**Data provided**
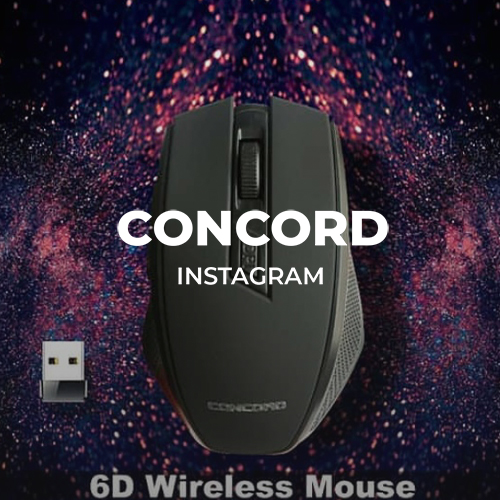 Concord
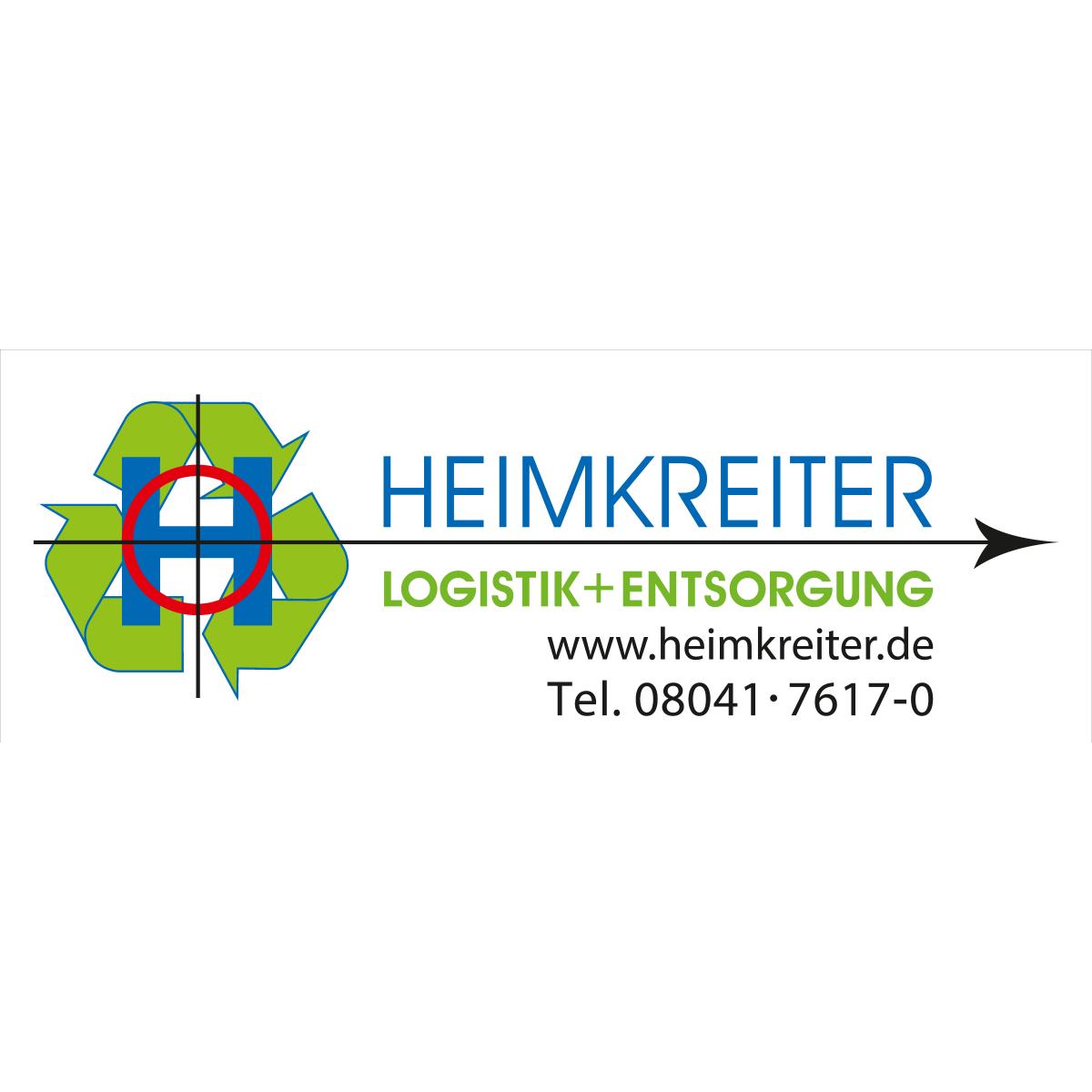 Heimkreiter GmbH in Bad Tölz - Logo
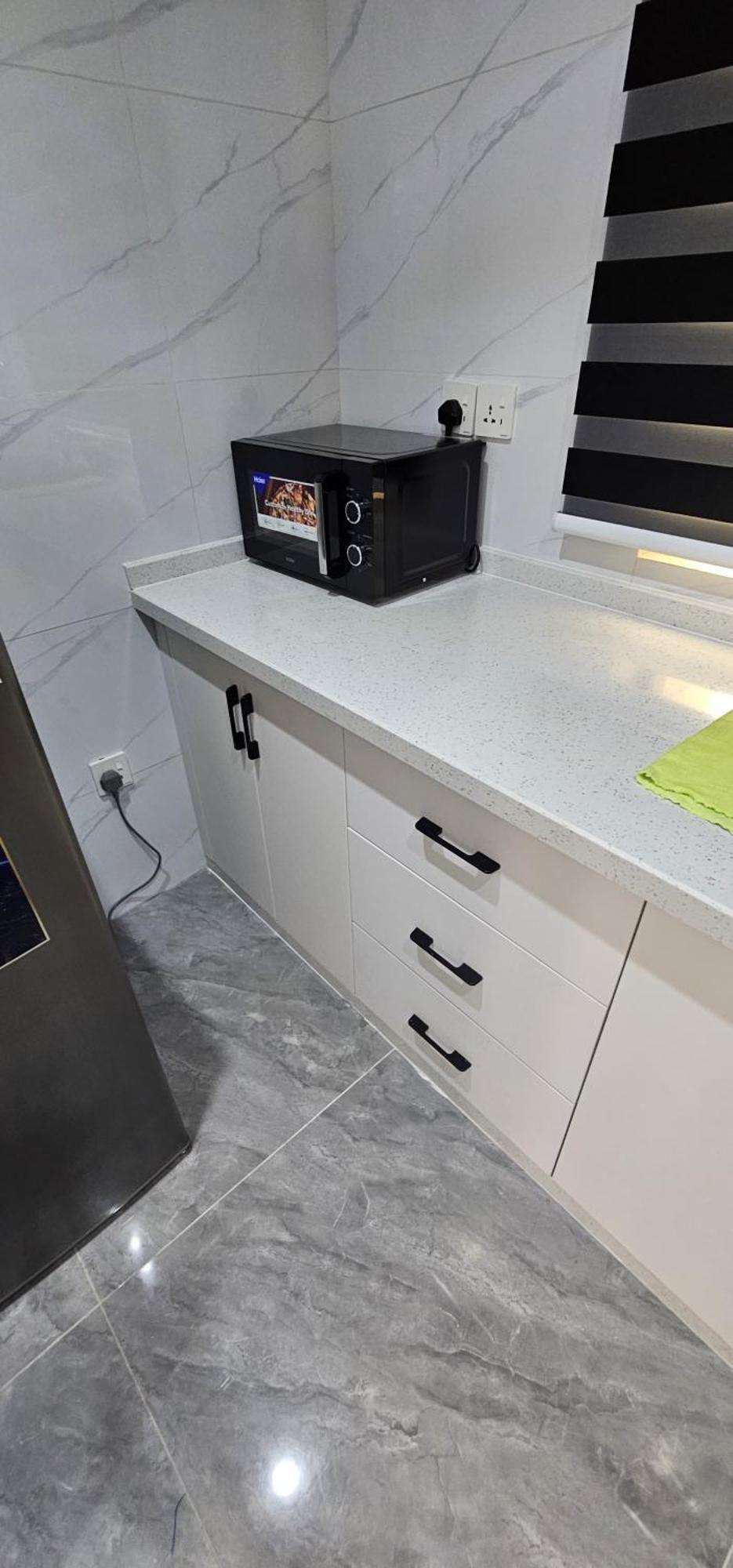 Apartment Luxurious In Kilimani Nairobi
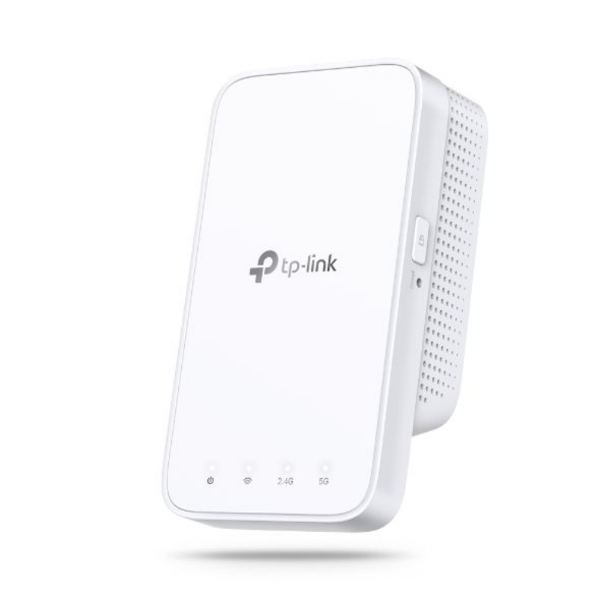 867MBPS 5GHZ MENZIL GENISLETICI resmi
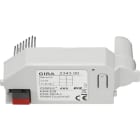 GIRA GGI234300 MODULO KNX AVVIS.FUMO DUAL KNX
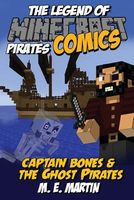 Captain Bones and the Ghost Pirates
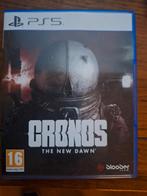 Cronos the new dawn ps5, Ophalen of Verzenden, Zo goed als nieuw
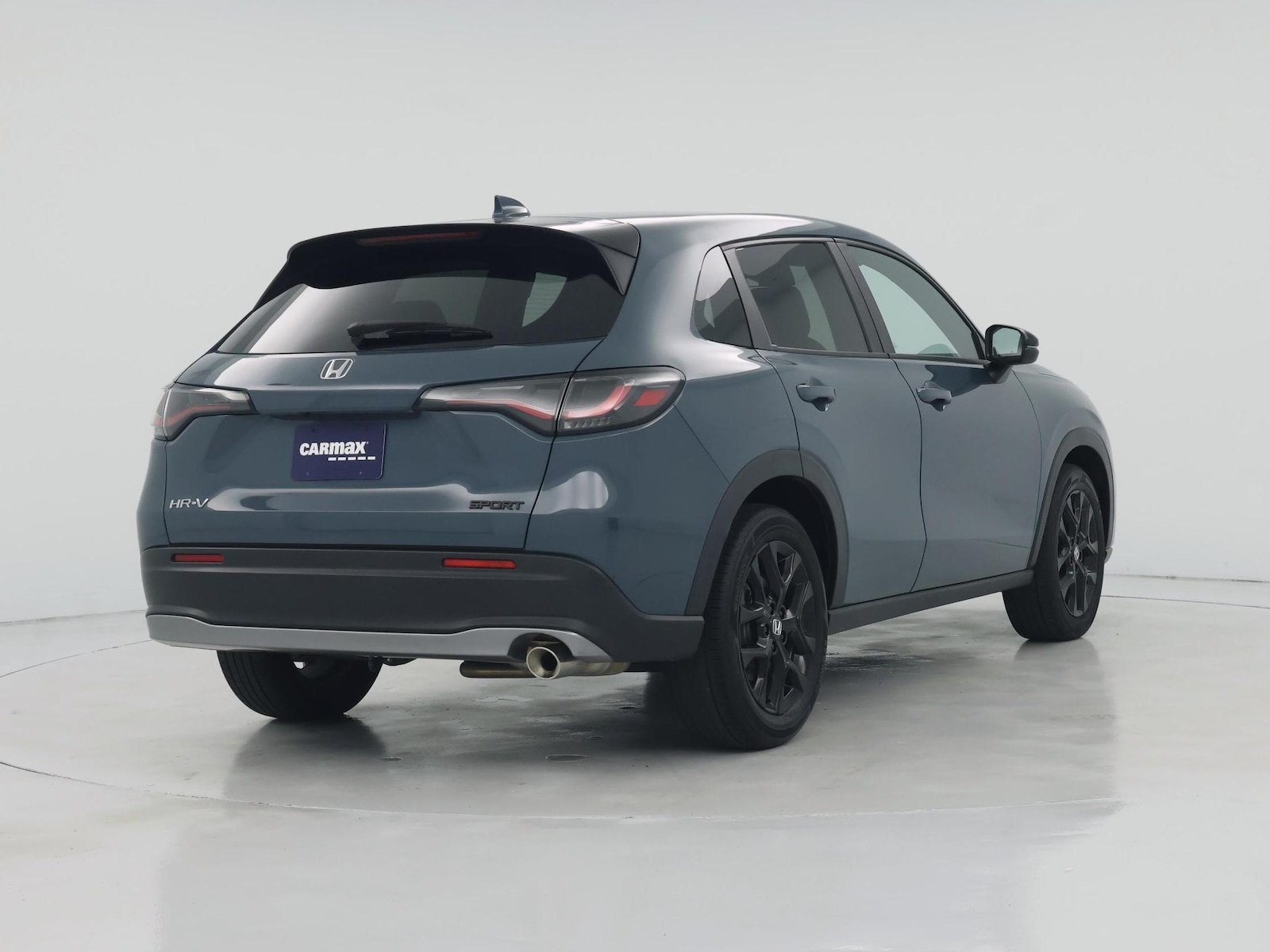 2025 Honda HR-V Sport - Photo 9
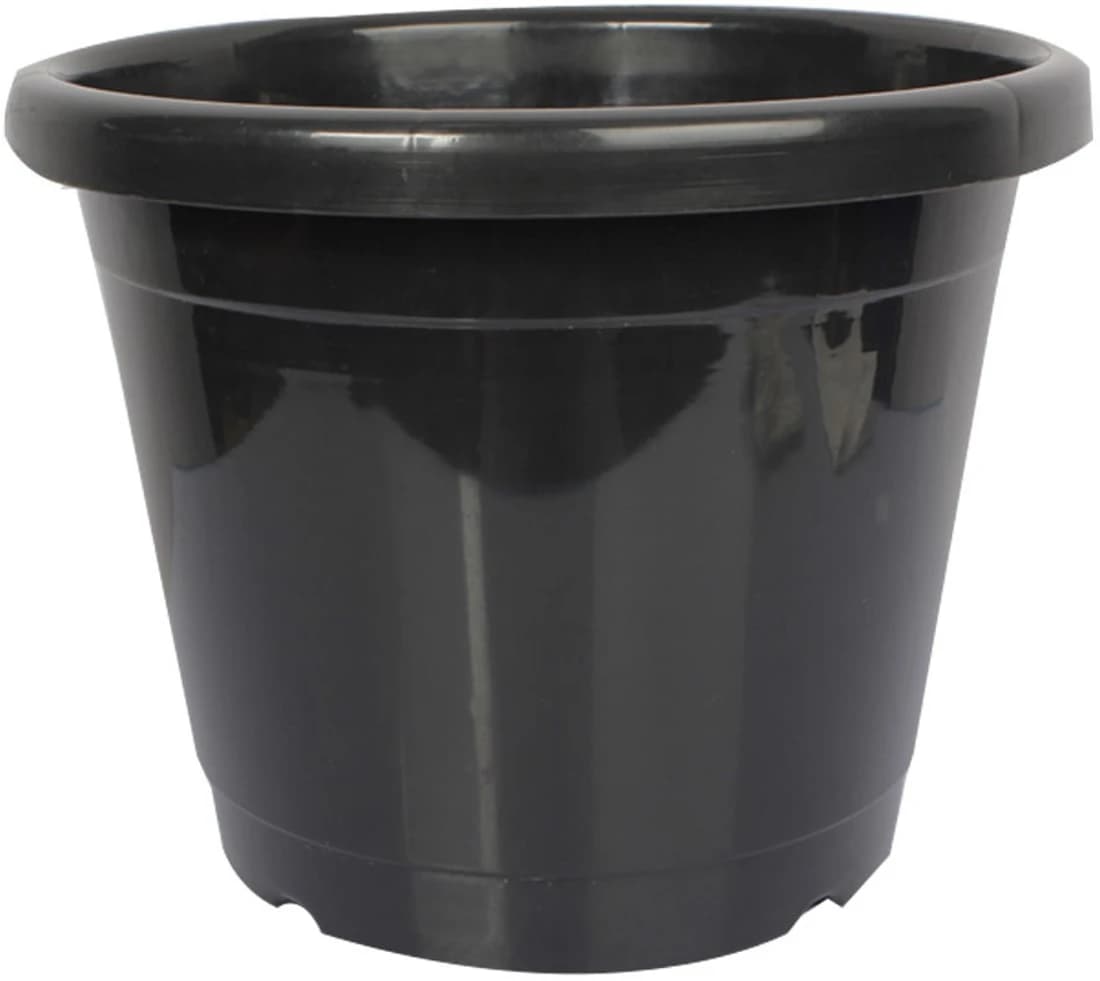 Easy Gardening 12 Inch Nursery Plant Container Set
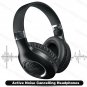 True Active Noise Cancelling ANC Headphones Bluetooth Earphones Wireless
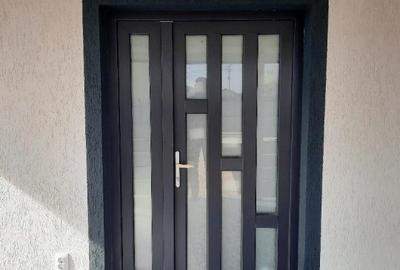FARA COMISION casa 3 camere P+pod placa beton terasa beci la cheie merita vazuta - 6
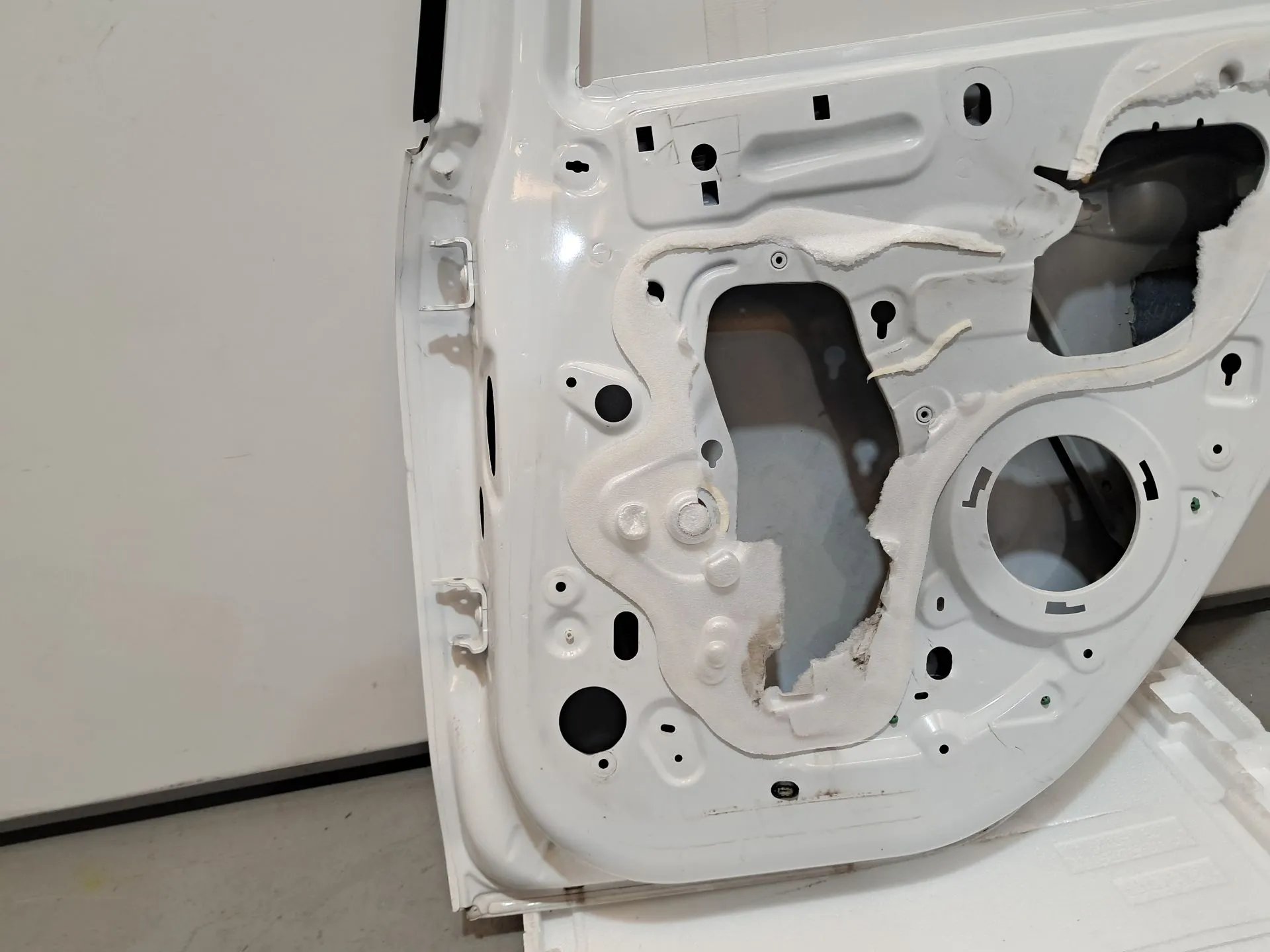 Puerta Trasero Derecho PEUGEOT 208 Imagem-12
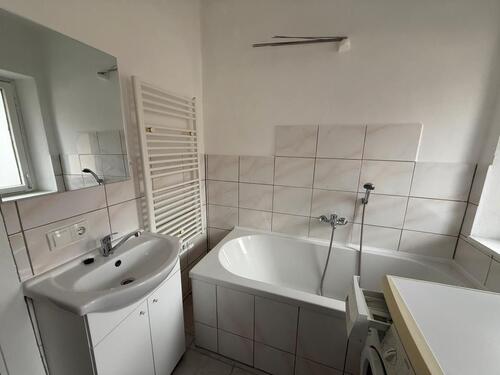 Foto - Etagenwohnung in Teisnach zur Miete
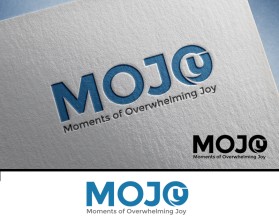 Logo Design entry 1602876 submitted by jellareed to the Logo Design for MOJO(y) run by prliebman14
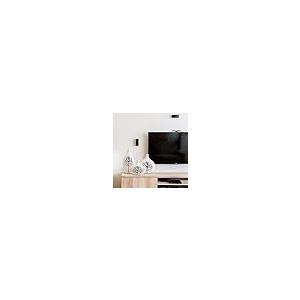 【並行輸入品】Home Living Room Vase Decoration Modern Flower Decoration Ceramiの画像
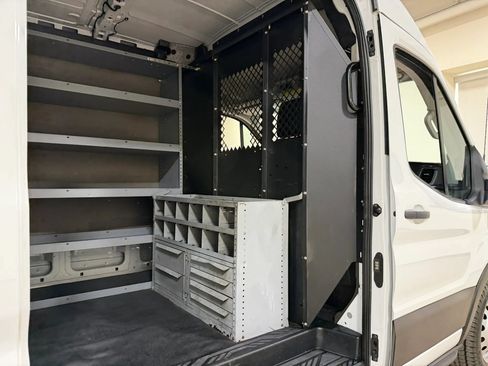 Used 2020 Ford Transit 250 Medium Roof AWD image 29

**The task**
Every line of the data above is to be repeated exactly; the images are to be left out.

**Written answer**
 Concord
 Heimkreiter GmbH in Bad Tölz - Logo
 Apartment Luxurious In Kilimani Nairobi
 867MBPS 5GHZ MENZIL GENISLETICI resmi
 GIRA GGI234300 MODULO KNX AVVIS.FUMO DUAL KNX
 Captain Bones and the Ghost Pirates
 Cronos the new dawn ps5, Ophalen of Verzenden, Zo goed als nieuw
 2025 Honda HR-V Sport - Photo 9
 Easy Gardening 12 Inch Nursery Plant Container Set
 True Active Noise Cancelling ANC Headphones Bluetooth Earphones Wireless
FARA COMISION casa 3 camere P+pod placa beton terasa beci la cheie merita vazuta - 6
 Puerta Trasero Derecho PEUGEOT 208 Imagem-12
 Foto - Etagenwohnung in Teisnach zur Miete
 Logo Design entry 1602876 submitted by jellareed to the Logo Design for MOJO(y) run by prliebman14
 【並行輸入品】Home Living Room Vase Decoration Modern Flower Decoration Ceramiの画像
 Used 2020 Ford Transit 250 Medium Roof AWD image 29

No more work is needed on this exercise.